Analyzing with Python
You can run Python scripts that retrieve data from and write data to a Db2® database.
Such scripts can be powerful tools to help you analyze your data. For example, you can use them to generate statistical models based on data in your database, and to plot the results of these models. Scripts can be run directly from within a Python execution environment, or from within a Jupyter notebook.
In-database analytics using Python
To process data, most native Python functions require that the data first is extracted from a database to working memory. Such a function is called an in-application function. A different type of function, called an in-database function, operates directly on data in a database, without requiring the data to be extracted. Consequently, you can use an in-database function to analyze large amounts of data that would be impractical or impossible to extract.
In-database functions can use performance-enhancing features of the underlying database management system, such as columnar technology. Using in-database functions also avoids security issues that are associated with extracting data and ensures that the data that is being analyzed is as current as possible. Some in-database functions additionally use lazy loading to load only those parts of the data that are actually required, to further increase efficiency.

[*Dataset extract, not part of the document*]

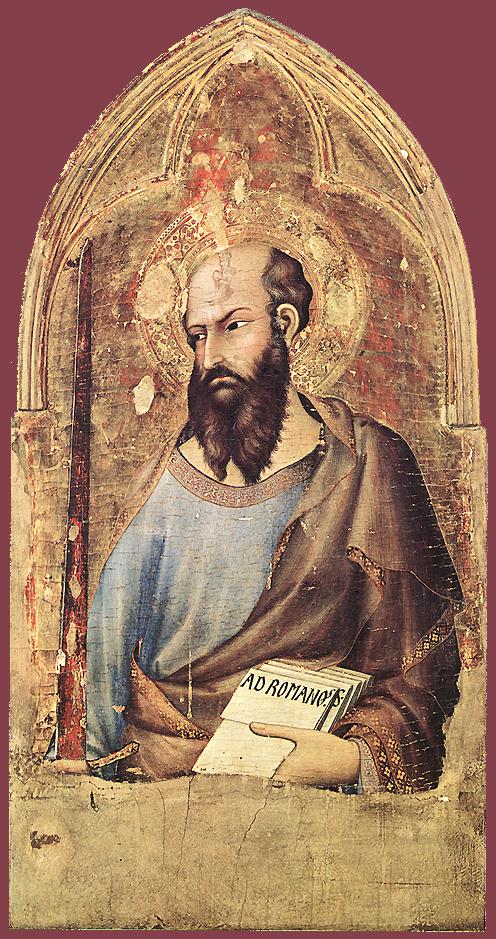 Orvieto Polyptych (detail)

Both in-application and in-database functions are equally easy to use. An in-application function operates on a construct called a data frame, which is a container that holds, in memory, a copy of the data to be processed. An in-database function operates on a similar construct called an IDA data frame. An IDA data frame does not hold any data directly. Instead, it holds a reference to a table or view in the database or to a selection of rows and columns within that table or view. When a function or method is applied to an IDA data frame, it is usually not run in the application, but is translated into an SQL query. The query is then run against the database, and the result is translated into a Python object.